# Exercise
Only the lines that contain the string "class" belong in the answer; pull them from the records.
┌─ Data to examine
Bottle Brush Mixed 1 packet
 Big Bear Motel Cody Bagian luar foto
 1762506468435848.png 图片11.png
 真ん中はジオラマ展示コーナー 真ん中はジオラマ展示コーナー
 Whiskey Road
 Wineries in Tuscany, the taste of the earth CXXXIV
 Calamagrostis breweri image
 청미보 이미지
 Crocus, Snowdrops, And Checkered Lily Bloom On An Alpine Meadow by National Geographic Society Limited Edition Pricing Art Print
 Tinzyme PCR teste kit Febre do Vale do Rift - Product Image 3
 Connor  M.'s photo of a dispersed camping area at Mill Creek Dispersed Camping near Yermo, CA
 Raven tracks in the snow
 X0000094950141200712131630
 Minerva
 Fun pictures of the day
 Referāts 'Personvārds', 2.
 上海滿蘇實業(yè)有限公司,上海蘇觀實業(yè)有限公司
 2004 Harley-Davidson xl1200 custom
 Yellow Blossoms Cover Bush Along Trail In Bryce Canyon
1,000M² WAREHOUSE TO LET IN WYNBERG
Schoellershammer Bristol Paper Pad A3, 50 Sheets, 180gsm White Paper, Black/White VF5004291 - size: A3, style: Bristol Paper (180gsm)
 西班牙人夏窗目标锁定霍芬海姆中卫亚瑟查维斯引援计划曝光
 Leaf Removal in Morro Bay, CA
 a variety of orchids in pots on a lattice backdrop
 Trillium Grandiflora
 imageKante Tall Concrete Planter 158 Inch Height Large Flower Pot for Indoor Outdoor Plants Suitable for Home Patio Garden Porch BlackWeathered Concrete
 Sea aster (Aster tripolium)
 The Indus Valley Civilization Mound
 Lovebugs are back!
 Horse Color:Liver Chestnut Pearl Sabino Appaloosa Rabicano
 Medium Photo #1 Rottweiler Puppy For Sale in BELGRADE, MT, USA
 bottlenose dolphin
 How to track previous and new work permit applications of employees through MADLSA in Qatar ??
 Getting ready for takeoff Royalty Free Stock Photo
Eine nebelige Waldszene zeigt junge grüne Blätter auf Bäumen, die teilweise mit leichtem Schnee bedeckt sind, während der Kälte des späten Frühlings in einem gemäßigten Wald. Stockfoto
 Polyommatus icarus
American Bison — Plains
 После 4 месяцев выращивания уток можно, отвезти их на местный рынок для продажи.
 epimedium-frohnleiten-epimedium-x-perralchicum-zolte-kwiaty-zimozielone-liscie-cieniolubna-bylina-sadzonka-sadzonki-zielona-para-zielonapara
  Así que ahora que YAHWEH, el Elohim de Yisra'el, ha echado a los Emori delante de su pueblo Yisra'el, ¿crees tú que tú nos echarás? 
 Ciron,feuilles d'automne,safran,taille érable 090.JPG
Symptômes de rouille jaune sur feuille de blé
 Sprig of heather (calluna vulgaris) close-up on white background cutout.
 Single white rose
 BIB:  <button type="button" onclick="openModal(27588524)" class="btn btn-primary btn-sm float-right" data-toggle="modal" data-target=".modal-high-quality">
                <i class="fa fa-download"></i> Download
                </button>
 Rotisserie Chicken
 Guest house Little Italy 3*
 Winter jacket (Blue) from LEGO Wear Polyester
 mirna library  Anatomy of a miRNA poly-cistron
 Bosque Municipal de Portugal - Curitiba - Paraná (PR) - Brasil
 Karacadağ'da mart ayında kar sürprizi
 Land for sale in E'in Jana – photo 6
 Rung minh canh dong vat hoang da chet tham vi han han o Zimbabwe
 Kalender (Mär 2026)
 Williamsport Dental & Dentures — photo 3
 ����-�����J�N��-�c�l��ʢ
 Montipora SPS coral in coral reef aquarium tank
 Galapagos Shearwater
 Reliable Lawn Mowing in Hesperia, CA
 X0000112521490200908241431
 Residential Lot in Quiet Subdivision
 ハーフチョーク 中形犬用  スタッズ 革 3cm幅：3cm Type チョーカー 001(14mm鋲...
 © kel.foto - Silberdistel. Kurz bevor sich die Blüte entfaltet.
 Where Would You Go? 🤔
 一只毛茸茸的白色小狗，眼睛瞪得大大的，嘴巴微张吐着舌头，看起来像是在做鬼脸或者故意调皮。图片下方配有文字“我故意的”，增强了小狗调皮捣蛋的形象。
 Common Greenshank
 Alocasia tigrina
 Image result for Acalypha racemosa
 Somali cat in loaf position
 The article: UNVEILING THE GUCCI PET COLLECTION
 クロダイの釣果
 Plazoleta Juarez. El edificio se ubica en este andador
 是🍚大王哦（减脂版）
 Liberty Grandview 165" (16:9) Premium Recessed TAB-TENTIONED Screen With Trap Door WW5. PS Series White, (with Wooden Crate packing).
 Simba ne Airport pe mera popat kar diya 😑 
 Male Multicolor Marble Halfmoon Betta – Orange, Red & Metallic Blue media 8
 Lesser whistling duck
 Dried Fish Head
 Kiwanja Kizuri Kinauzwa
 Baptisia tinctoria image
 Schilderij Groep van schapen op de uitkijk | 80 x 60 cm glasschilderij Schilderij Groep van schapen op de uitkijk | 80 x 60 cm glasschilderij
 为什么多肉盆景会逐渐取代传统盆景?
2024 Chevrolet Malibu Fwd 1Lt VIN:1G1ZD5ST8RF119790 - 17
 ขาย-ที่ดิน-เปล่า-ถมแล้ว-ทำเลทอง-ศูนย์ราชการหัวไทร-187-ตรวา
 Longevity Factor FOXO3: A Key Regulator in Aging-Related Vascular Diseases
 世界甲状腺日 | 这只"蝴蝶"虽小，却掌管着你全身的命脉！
└─
# Response below
 BIB:  <button type="button" onclick="openModal(27588524)" class="btn btn-primary btn-sm float-right" data-toggle="modal" data-target=".modal-high-quality">
                <i class="fa fa-download"></i> Download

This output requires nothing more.